EXERCISE DESCRIPTION
Once you find the line with "In that section, you'll" in the entries below, print it and each line after it up to and including the line with "Enhance Pointer Precision.", exactly, without pictures.

SUPPLIED DATA
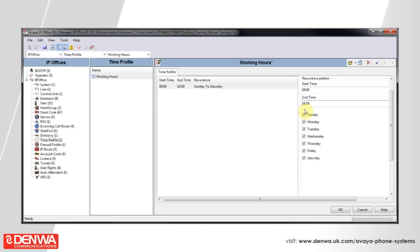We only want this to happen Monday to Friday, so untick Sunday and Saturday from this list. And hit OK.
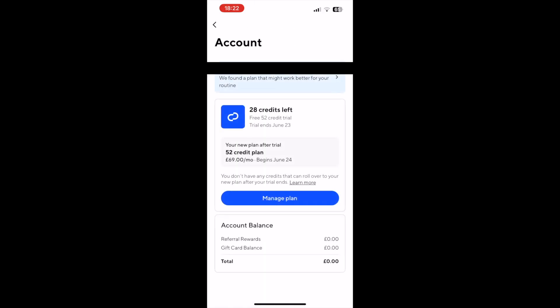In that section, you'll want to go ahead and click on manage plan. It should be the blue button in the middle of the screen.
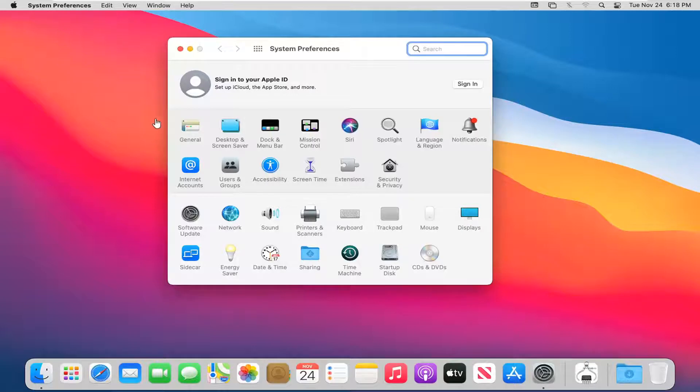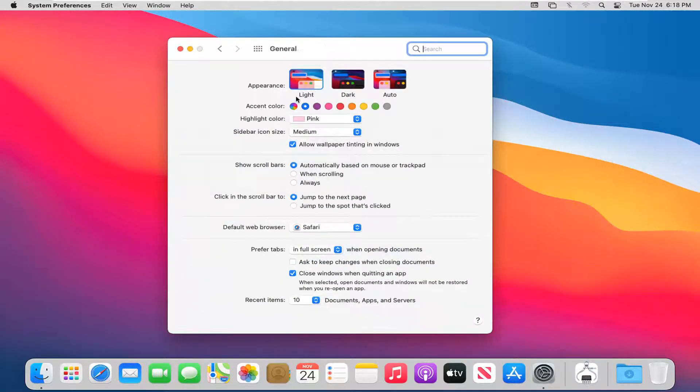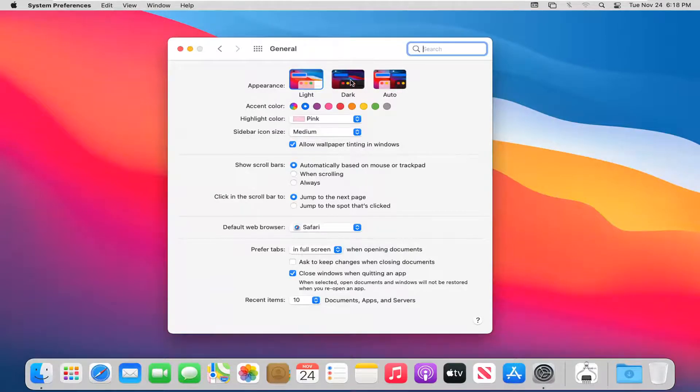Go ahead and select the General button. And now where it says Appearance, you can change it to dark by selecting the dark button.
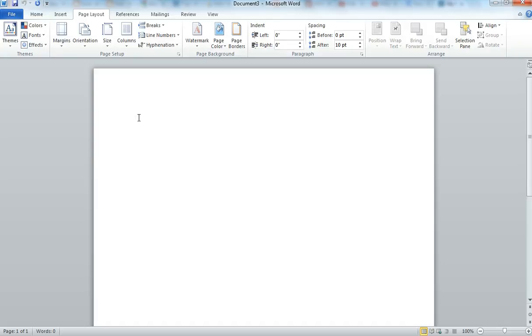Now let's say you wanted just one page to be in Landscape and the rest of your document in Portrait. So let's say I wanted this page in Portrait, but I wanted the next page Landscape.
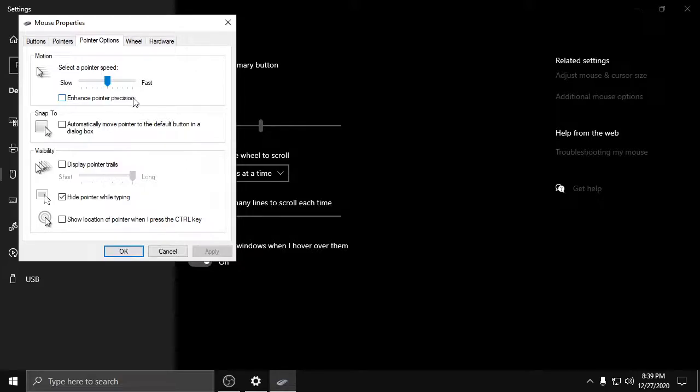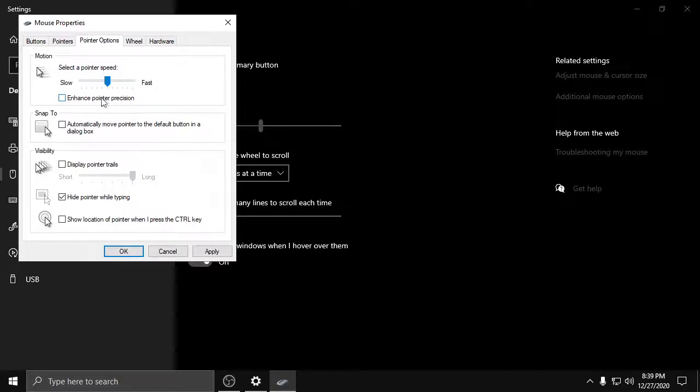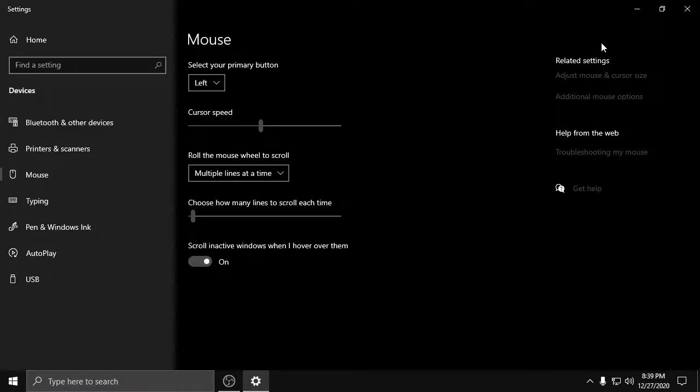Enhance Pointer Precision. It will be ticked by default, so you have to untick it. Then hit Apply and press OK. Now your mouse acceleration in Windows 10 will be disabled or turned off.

--

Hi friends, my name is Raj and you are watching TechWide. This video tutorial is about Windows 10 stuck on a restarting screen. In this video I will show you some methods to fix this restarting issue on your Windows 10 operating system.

* * *

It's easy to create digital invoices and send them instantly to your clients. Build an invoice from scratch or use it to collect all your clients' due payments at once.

REPLY
In that section, you'll want to go ahead and click on manage plan. It should be the blue button in the middle of the screen.
Go ahead and select the General button. And now where it says Appearance, you can change it to dark by selecting the dark button.
Now let's say you wanted just one page to be in Landscape and the rest of your document in Portrait. So let's say I wanted this page in Portrait, but I wanted the next page Landscape.
Enhance Pointer Precision. It will be ticked by default, so you have to untick it. Then hit Apply and press OK. Now your mouse acceleration in Windows 10 will be disabled or turned off.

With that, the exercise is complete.